In the past I’ve done quite a bit of work around VMware’s vSphere Metro Storage Cluster (vMSC so I don’t have to write it out constantly, it's hard enough to say!), even before it had a name and was officially supported. It’s a great solution where high availability becomes the defacto replacement for what most organisations do for disaster recovery. One of the big limitations however is that it’s restricted to 2 sites, which means for best practice protection you still need a 3rd site for disaster recovery. Adding cold (or even warm) disaster recovery to a traditional vMSC just adds more complications, restrictions and overheads. I’m not going to spend too much time highlighting the problems with “other” solutions, more spend some time showing how Hedvig handles vMSC and reference the VMware paper
I break down the main concepts of VMware vSphere Storage Cluster in this 12-minute whiteboard video
To get into things a bit deeper, I must first mention there are some critical criteria from VMware which are relevant to the storage infrastructure and need to be met before VMware will even consider the solution as workable. In reality there is a little flexibility on what technically works, but please stick to the VMware guidelines (page 4 from the VMware paper):
- Storage connectivity using Fibre Channel, iSCSI, NFS, and FCoE is supported.

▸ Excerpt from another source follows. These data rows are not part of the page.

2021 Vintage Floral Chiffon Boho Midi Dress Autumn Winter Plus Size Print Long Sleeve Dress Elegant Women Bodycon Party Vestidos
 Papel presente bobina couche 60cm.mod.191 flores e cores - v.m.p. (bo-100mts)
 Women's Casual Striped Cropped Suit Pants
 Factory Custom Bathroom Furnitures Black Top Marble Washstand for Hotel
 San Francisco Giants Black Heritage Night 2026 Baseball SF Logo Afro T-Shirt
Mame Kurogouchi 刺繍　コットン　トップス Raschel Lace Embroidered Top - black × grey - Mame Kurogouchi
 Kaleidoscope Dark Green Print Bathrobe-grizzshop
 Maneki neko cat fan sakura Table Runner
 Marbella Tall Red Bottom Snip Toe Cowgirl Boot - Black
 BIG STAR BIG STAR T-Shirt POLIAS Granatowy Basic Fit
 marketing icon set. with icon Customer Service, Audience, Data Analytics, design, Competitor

- The maximum supported network latency between sites for the VMware ESXi management networks is 10ms round-trip time (RTT).
- vSphere vMotion, and vSphere Storage vMotion, supports a maximum of 150ms latency as of vSphere 6.0, but this is not intended for stretched clustering usage.
- The maximum supported latency for synchronous storage replication links is 10ms RTT. Refer to documentation from the storage vendor because the maximum tolerated latency is lower in most cases. The most commonly supported maximum RTT is 5ms.
- The ESXi vSphere vMotion network has a redundant network link minimum of 250Mbps.
The key point on vMSC according to the VMware paper “A vSphere Metro Storage Cluster requires what is in effect a single storage subsystem that spans both sites.”. So this is an easy one to address with Hedvig, we are a single cluster with a single storage construct that can span multiple locations (either/both rack and data centre). Data is replicated against the given policy (an example relevant to vMSC might be 2 copies in the local data centre and 2 copies to the remote data centre).
The next key point in VMware paper is “The storage subsystem for a vMSC must be able to be read from and write to both locations simultaneously.”, so how does Hedvig handle this? Turns out very well.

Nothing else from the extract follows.